- [Exercise objective] Within the listing that follows, reproduce exactly the lines starting at the line with "El Comité Popular" and ending at the line with "Reinrassiger Bordercollie Deckrüde Teddy", inclusive, and only those. Pictures are dropped.

- [Data extracts]

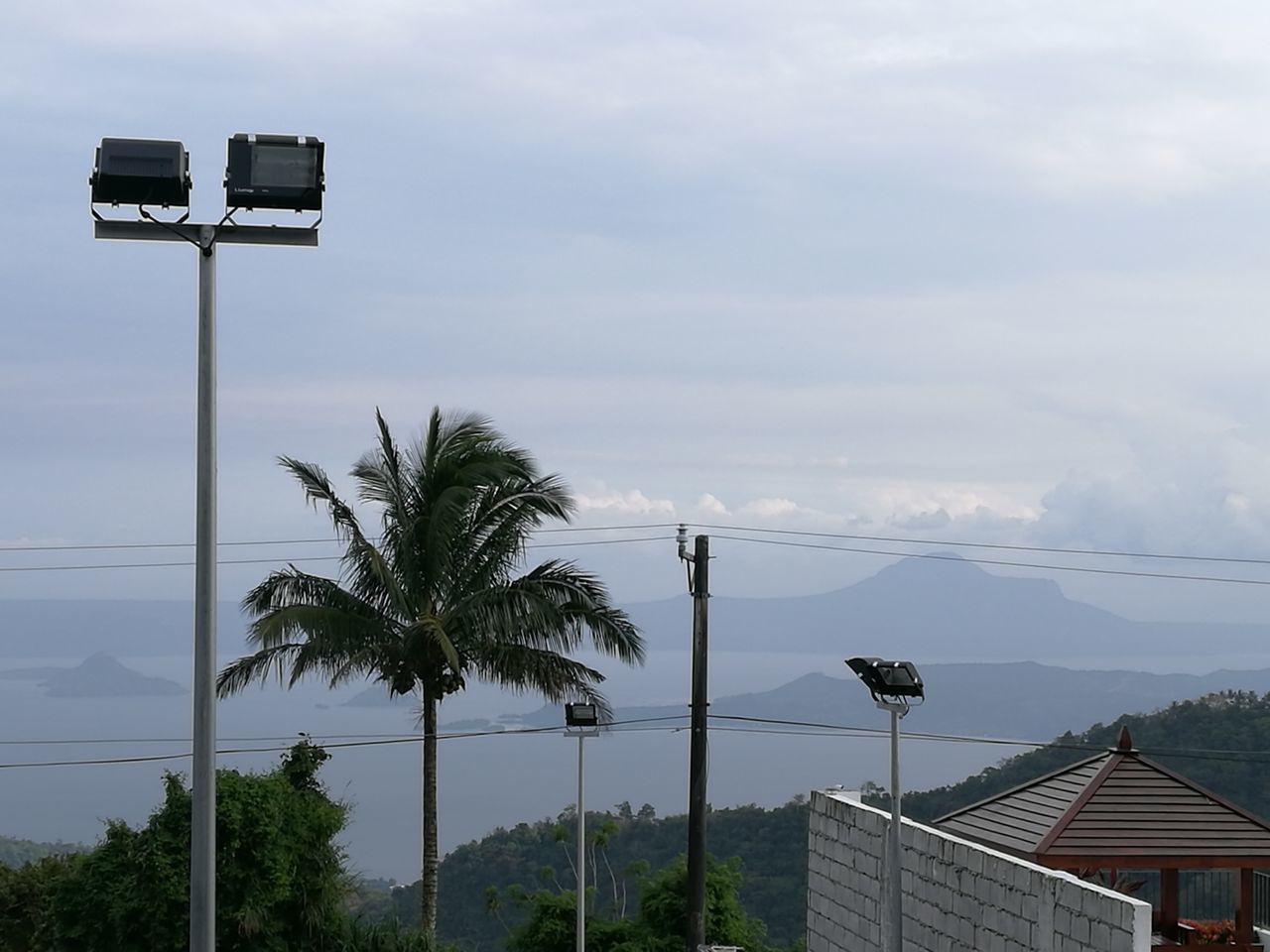 PALM TREES AND SKY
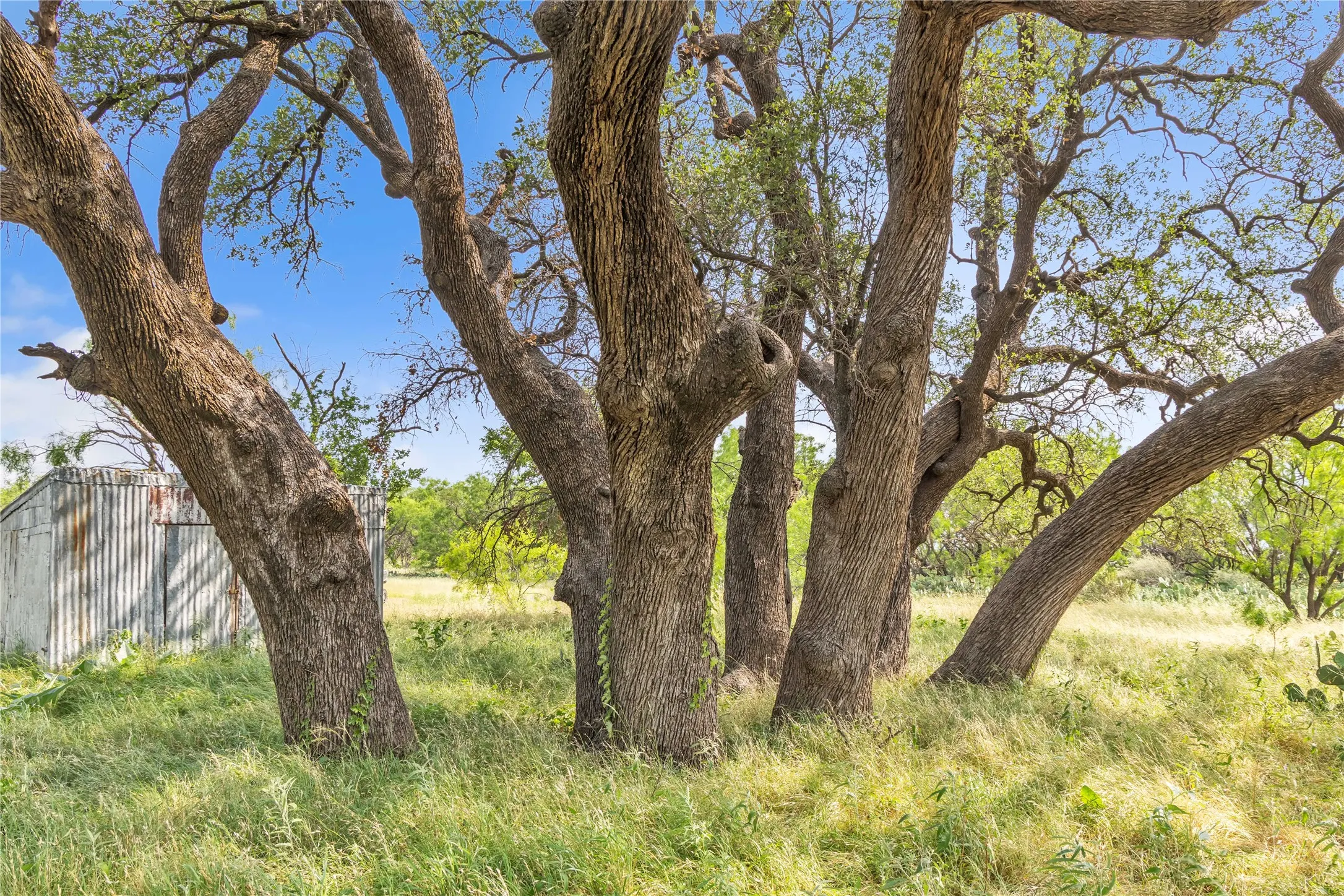 Ranch For Sale in Callahan County , 14175 State Highway 6, Moran, Texas 76464, 0, 0, Garage spaces, 0 Sqft, built in 0, Price $695,600, mls#21273557, Real Estate Agent in Moran, Homes For Sale in Callahan county, Homes For Sale in Moran, Realtor in Moran Texas, Real Estate Brokerage Independent Realty Texas, Luminita Cordes Realtor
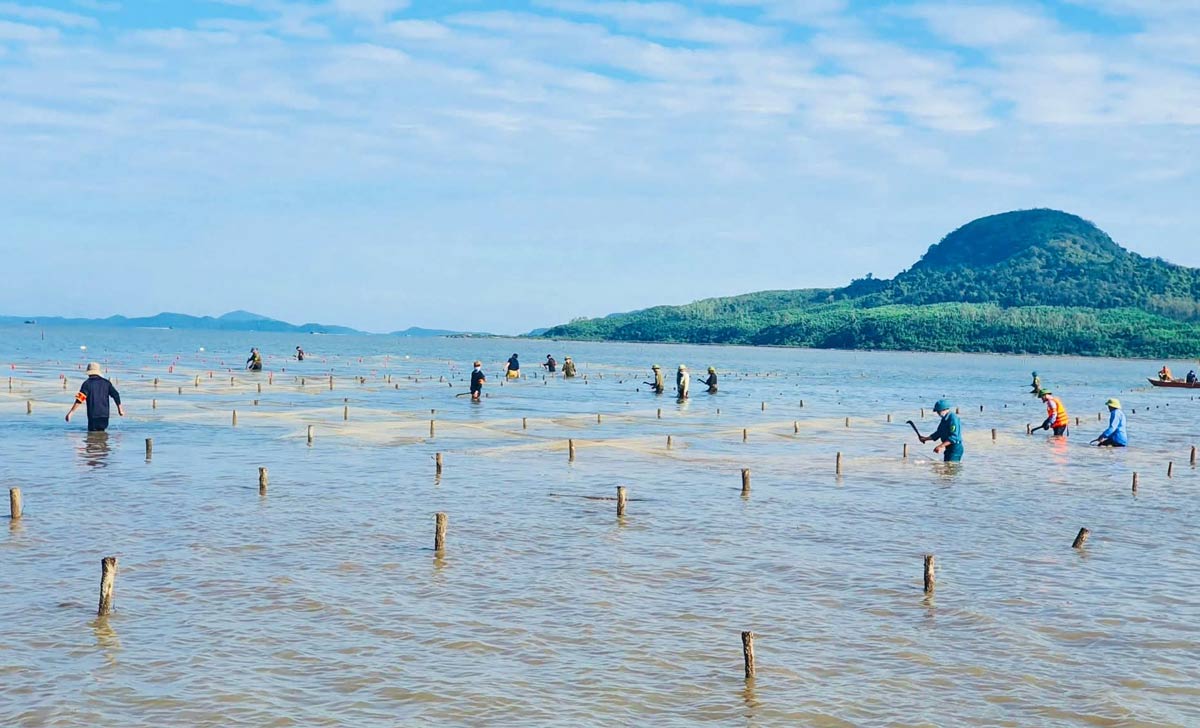 El Comité Popular de la comuna de Quang Ha lanzó una campaña para manejar el área de acuicultura ilegal. Foto: Dinh Hung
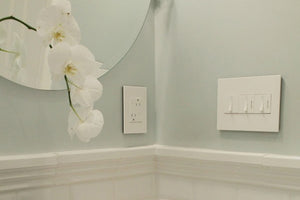 Legrand - ARTR153W4 - 15A Dual Tamper-Resistant Plus-Size Outlet - adorne - White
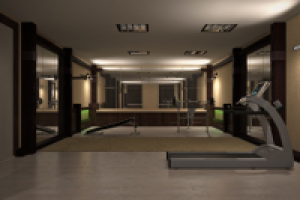 Частный спортзал (коттедж)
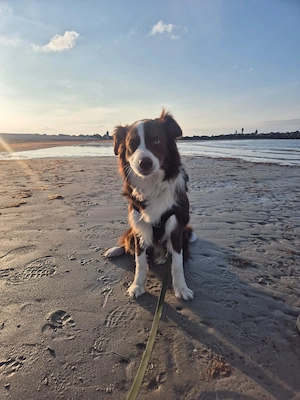 Reinrassiger Bordercollie Deckrüde Teddy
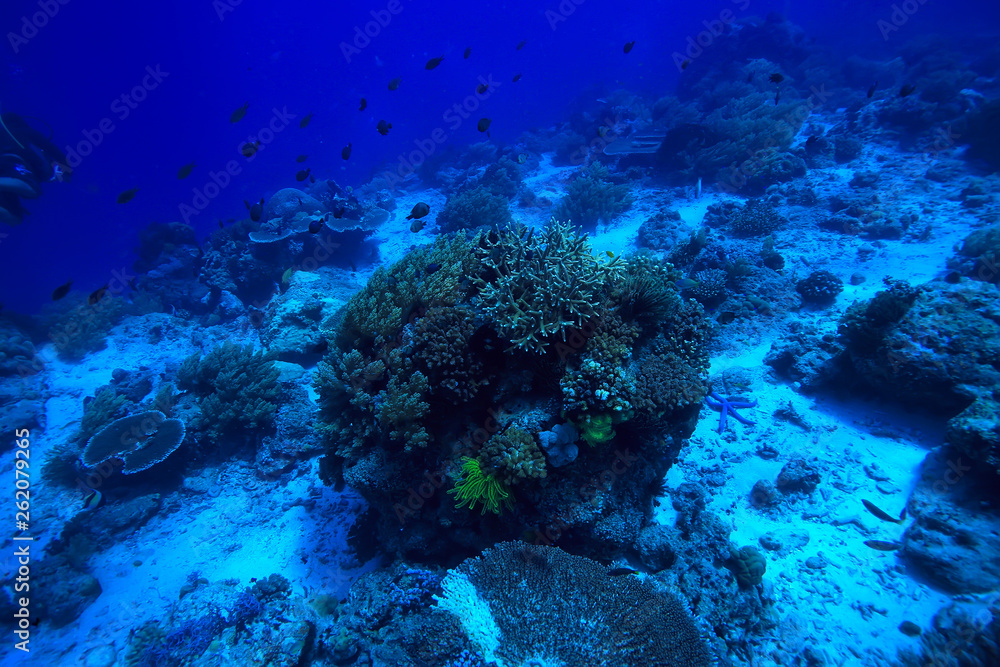 gorgonian large branching coral on the reef / seascape underwater life in the ocean gorgonian large branching coral on the reef / seascape underwater life in the ocean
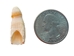 Alligator Tooth: Extra Small - 174-AG-XS (M3)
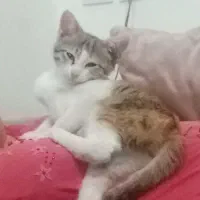 واگذاری گربه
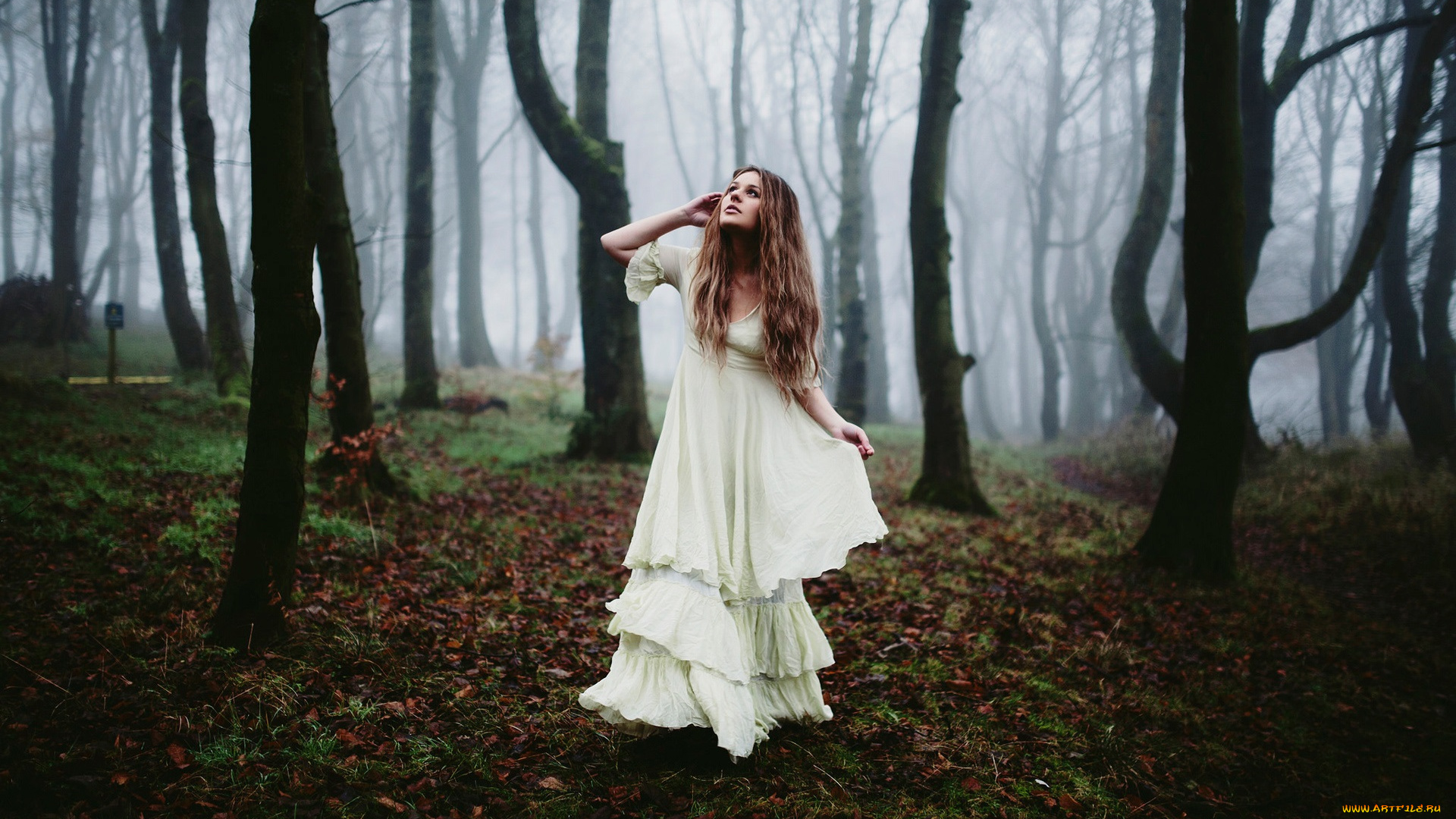 девушки, -, брюнетки, , шатенки, русая, платье, лес, туман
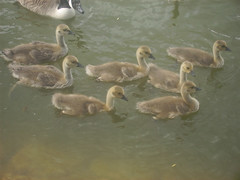 Saltwell Baby Geese (flickr)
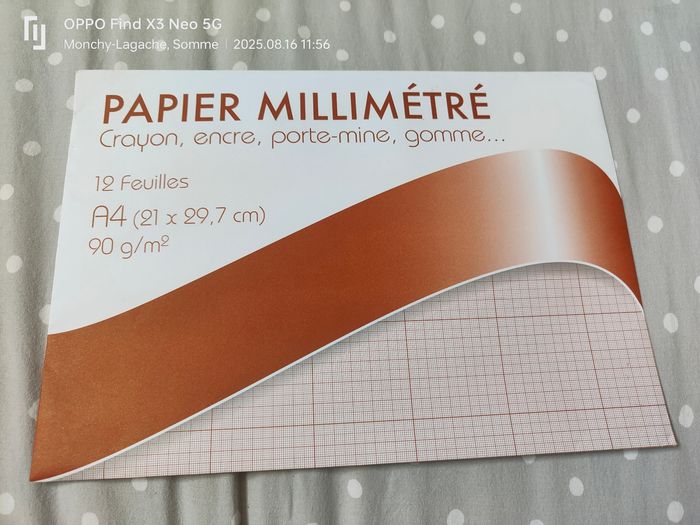 12 feuilles A4 21x29,7cm 90g/M2 papier millimétré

- [Response area]
 El Comité Popular de la comuna de Quang Ha lanzó una campaña para manejar el área de acuicultura ilegal. Foto: Dinh Hung
 Legrand - ARTR153W4 - 15A Dual Tamper-Resistant Plus-Size Outlet - adorne - White
 Частный спортзал (коттедж)
 Reinrassiger Bordercollie Deckrüde Teddy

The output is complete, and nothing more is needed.